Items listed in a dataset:

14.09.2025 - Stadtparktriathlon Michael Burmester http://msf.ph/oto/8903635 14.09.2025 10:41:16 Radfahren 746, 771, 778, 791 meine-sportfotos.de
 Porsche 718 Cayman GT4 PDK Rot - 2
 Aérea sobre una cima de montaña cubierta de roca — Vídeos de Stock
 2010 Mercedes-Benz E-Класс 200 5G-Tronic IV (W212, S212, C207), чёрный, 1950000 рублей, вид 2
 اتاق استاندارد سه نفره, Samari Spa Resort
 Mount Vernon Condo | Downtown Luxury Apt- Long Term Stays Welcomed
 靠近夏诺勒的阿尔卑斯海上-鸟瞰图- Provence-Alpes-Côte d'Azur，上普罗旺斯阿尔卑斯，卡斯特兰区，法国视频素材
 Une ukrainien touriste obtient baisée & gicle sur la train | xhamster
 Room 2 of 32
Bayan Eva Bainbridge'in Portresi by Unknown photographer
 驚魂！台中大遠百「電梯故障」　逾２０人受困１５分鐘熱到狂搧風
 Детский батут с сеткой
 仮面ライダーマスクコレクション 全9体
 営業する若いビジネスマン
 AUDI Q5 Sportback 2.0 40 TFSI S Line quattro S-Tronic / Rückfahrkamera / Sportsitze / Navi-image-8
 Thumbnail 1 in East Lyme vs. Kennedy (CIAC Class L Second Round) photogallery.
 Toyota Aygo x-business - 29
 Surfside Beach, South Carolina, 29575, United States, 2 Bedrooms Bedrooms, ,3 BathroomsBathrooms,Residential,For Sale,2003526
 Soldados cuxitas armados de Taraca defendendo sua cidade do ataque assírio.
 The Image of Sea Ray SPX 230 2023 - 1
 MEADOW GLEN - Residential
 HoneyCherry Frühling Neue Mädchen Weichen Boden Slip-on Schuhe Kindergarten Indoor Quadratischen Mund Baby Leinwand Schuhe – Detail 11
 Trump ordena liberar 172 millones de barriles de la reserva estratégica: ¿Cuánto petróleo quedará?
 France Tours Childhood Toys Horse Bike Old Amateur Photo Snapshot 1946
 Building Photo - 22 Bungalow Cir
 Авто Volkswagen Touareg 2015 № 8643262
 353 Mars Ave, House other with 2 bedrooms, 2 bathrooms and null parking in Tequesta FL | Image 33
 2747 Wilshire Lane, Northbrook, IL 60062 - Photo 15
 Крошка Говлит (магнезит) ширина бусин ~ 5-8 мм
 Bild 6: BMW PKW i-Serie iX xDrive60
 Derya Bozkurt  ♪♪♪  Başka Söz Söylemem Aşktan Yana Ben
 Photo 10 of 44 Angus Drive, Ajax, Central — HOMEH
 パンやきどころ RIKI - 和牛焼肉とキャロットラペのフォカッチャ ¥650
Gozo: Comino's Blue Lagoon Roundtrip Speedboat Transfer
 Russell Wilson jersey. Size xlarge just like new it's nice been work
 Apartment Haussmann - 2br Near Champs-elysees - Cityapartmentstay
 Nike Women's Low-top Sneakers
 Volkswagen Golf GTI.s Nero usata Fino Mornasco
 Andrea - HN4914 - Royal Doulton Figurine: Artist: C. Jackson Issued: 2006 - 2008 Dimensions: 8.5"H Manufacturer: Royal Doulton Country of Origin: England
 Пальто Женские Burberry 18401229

Assignment: In the records above, some lines hold the word "Volkswagen"; copy each such line.

Problem solution:
 Авто Volkswagen Touareg 2015 № 8643262
 Volkswagen Golf GTI.s Nero usata Fino Mornasco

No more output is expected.